**Exercise input:**
....

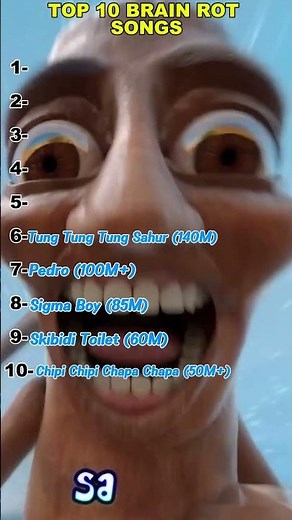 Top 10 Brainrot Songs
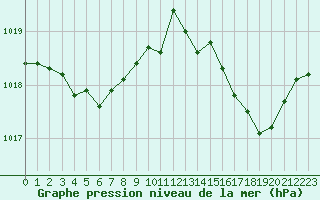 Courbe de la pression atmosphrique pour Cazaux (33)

....

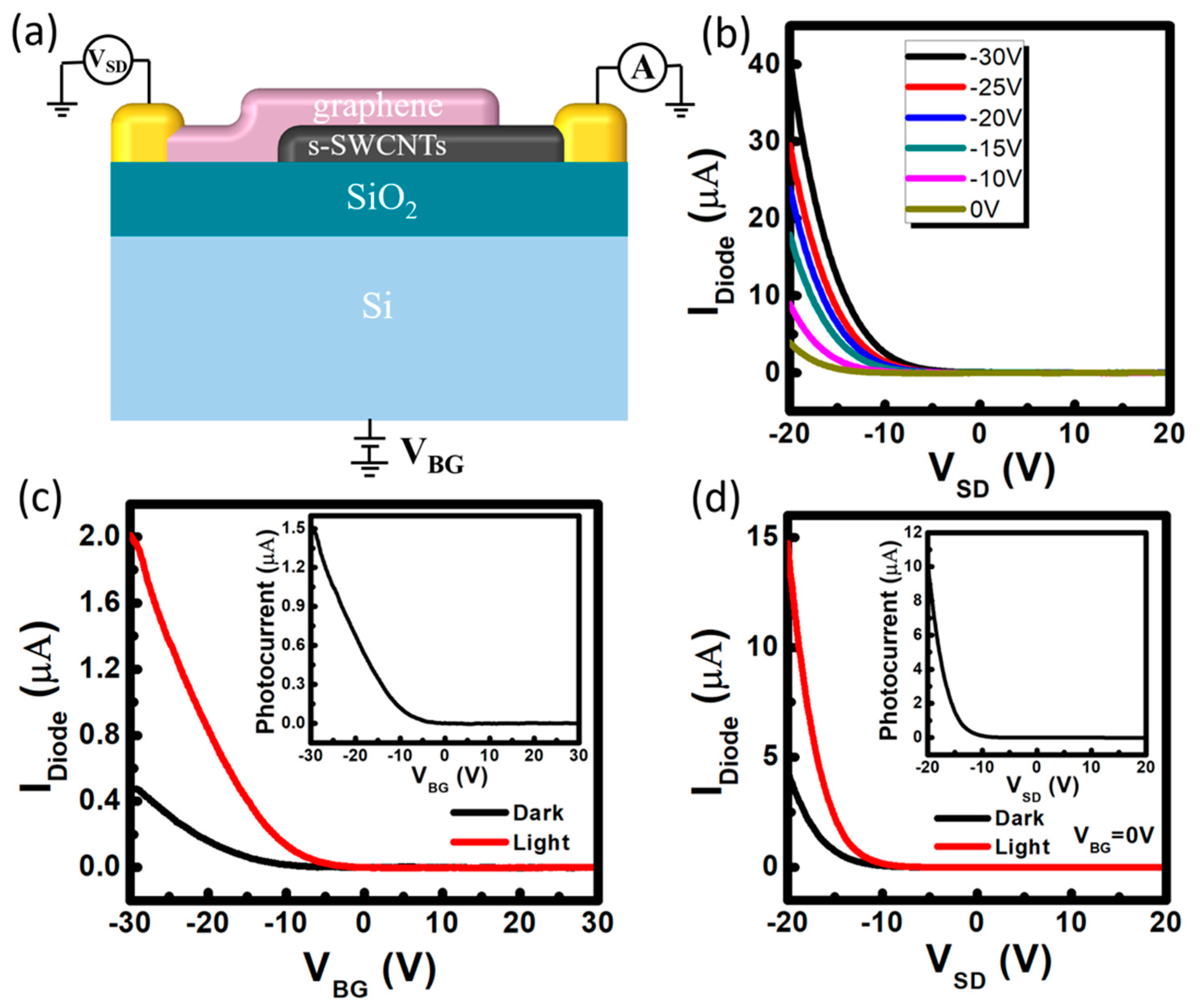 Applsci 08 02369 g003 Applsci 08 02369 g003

....

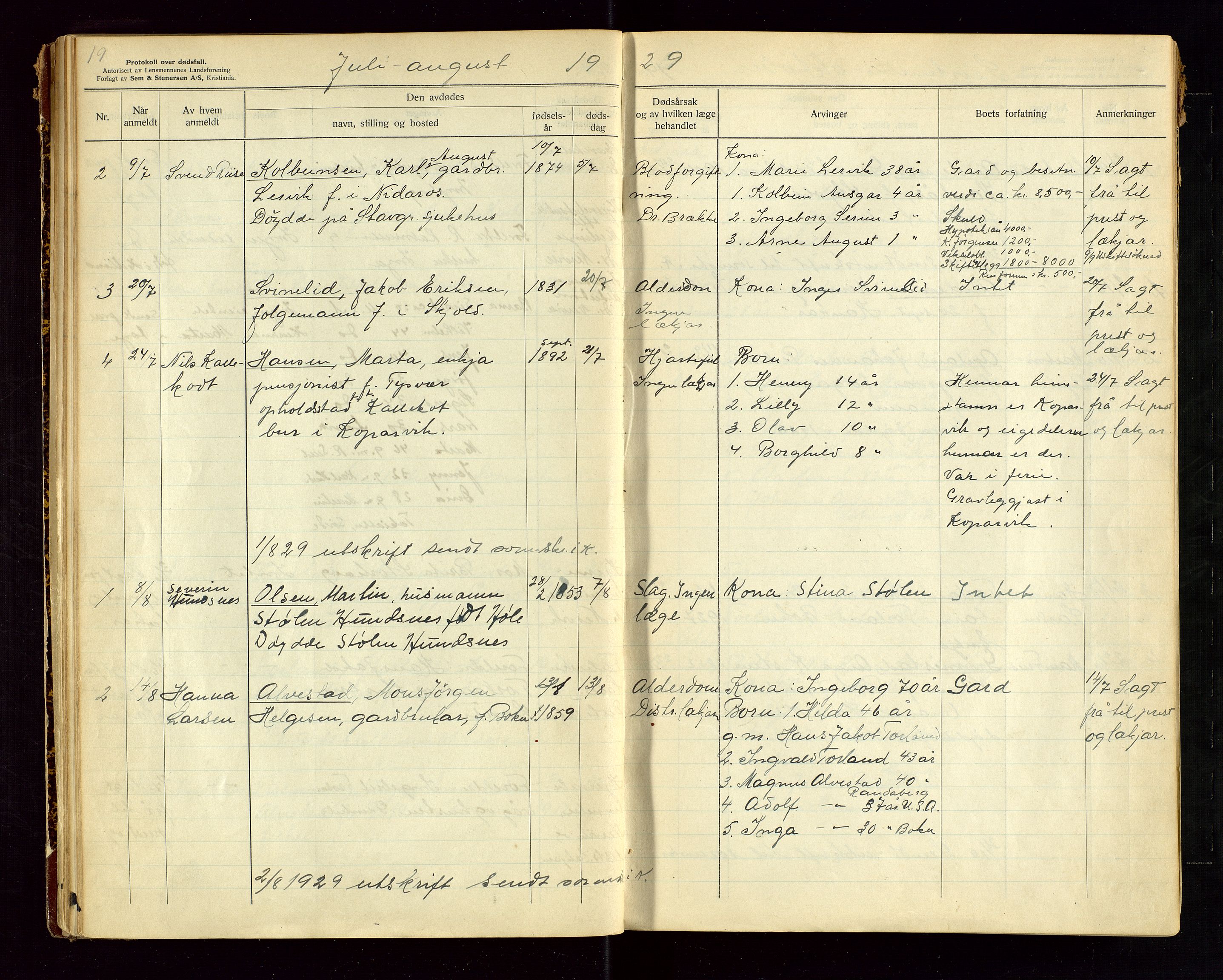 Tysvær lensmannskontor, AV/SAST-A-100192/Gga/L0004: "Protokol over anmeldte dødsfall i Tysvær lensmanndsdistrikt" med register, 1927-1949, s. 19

....

**Exercise details:** Reproduce the data above exactly, but only from the line containing "Top 10 Brainrot Songs" through the line containing "Courbe de la". Omit all pictures.

**Exercise result:**
 Top 10 Brainrot Songs
 Courbe de la pression atmosphrique pour Cazaux (33)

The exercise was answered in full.